THIRTY-TWO
They had put Arthur Silsby in a side room not because of his social status, but because they knew he was going to die; it afforded him some privacy, and it also saved everyone else from the agony of being reminded a hundred times a day of his doom. I had a spare hour before my first afternoon visit and I popped into Mayday Hospital to see him, partly because he was a long-standing patient of the practice, partly because I was very intrigued as to why he had done something so out of character. I could not bring myself to believe Masson’s theory that he knew something about the recent killings, but I could not conceive of what his motive had been.

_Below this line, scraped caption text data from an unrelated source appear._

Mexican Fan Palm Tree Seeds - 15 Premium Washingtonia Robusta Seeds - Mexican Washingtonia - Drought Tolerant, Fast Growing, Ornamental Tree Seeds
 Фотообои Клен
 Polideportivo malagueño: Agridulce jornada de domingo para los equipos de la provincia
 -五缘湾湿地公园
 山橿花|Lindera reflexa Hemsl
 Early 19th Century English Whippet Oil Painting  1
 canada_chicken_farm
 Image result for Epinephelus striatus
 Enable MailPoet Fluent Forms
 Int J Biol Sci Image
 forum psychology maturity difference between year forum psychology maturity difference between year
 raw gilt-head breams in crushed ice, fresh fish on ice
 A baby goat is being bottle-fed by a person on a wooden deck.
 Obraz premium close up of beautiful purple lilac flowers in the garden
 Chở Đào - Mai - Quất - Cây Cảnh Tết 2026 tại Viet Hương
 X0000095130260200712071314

It wasn’t yet visiting hours, but that was not a problem both because of his fate and because of who I was. Having checked in with the sister in charge for the sake of politeness, I made my way to his room. I knocked gently but received no answer; looking through the square window in the door, I could see that he was asleep, so I quietly went in and stood at the end of the bed. He had a dextrose-saline drip feeding a Venflon in his left elbow and he was attached to a heart monitor that did its annoying beeping thing in the background. He didn’t look well; not well at all; was there already a hint of jaundice, I wondered? As usual with me, having got there, I didn’t know what to do; I thought about waking him, then thought perhaps it would be best just to let him sleep a while, so sank quietly into one of those over-padded, high-backed chairs that are only found in NHS institutions.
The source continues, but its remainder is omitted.